How I Became Acquainted with New York
I didn’t realize how acquainted I had gotten with New York. The relationship started so innocently as with any summer internship does. Then, it quickly because a necessity. Like air to my soul. I couldn’t live without it.
Every year, for the next 13 years, I would return to that city. The city never forgot me. And that’s what I loved about it. Every time I stepped off that airplane at La Guardia, it was as if I never left. That same feeling as the last time. I never realized how acquainted we would become. But, we certainly did.
We because so acquainted that years later I can still visualize my favorite corners, neighborhoods, streets.
I once lost my wallet at the corner of Jane and Washington. Met Melissa Rivers at her deceased mother’s townhouse at the edge of Central Park. Became schooled at a book lecture by Ethan Hawke at a table with McCauley Culkin in the midst of the Park. And sang karaoke with the band Better than Extra on Avenue A. I hung with Kanye off Canal Street in a tiny warehouse in the middle of fashion week. And I ate cupcakes with Kim in an old building downtown that barely held 100 people.
But it wasn’t about the celebrities at all. It was those streets. Grove and Bedford – my favorite. It had every ounce of charm only sweet dreams are made of and nothing in the city compared to it for me.
And each year, something always changed. To the point where I knew that Union Square used to have a Virgin Megastore where something else took over. After all, it’s where I camped after work one day to meet the Counting Crows.
I knew to get to the Village I’d have to take the red line and transfer twice. That if I wound up in the middle of the cobblestone streets of Soho in heels, I’d quickly need an Uber because there was no train.
MacDougal Street taught me life lessons. And I once made my way back home slowly down Sullivan Street. I covered live music off the Bowery (I was young. And brave.) and saw some more at Irving Plaza. I ate lunches in Bryant Park, knowing exactly which table to find for strangers to leave me alone, and walked slowly with my smoothie by Gramercy Park in awe every time I laid eyes on it. I also knew so much as to say to the cab, if you’re taking me to the Upper East Side, do not go the long way through Gramercy and collect $200.

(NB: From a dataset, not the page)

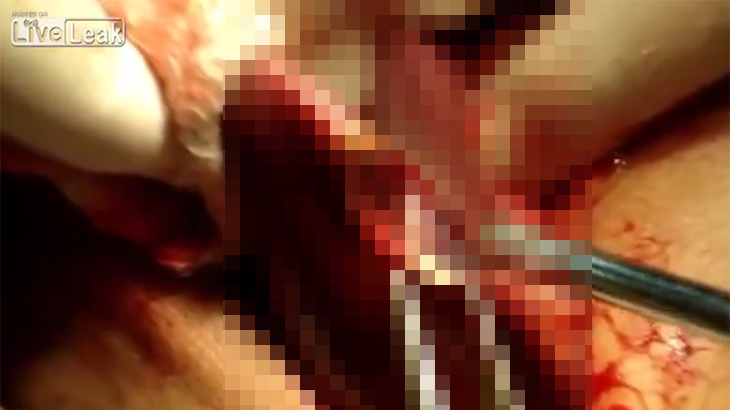 【閲覧注意】人の肝臓にこんな生物がいたら怖すぎる。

I could almost arrive at the warehouse in Chelsea for the DKNY show without any directions. One year, The New York Times photographer Bill Cunningham whizzed by on his bicycle wearing his blue windbreaker, shouting hello!
60th Street on the Upper East Side. 63rd on the Upper West. Friends at Campbell Apartment. The old speakeasy, Chumley’s.
The Gansevoort. The Met. The Plaza. The Waldorf. Dinners with friends at Tavern on the Green. Nights with friends all around NYU. Interviews on 57th Street. Work on 46th Street. Hours of countless shuffling cab rides to get from garden party A to presentation B and appointment C.
Don’t get me wrong. Those streets didn’t live without the hustle. Plenty of tears, late nights, frustration and exhaustion. Every year I returned was if the city wanted to say to me, your time is up. And so it was. It’s now been almost four years since I’ve visited, but the memories are there.
I’ve always had the regret for never actually moving, but now that I look back, gosh, did I ever have my time in that city. I realize now I can never truly go back – to the breakfast on Christopher Street or the showroom meeting off the West Side Highway – but, just remember all those moments that I’ll never, ever forget. All 13 years when we became acquainted.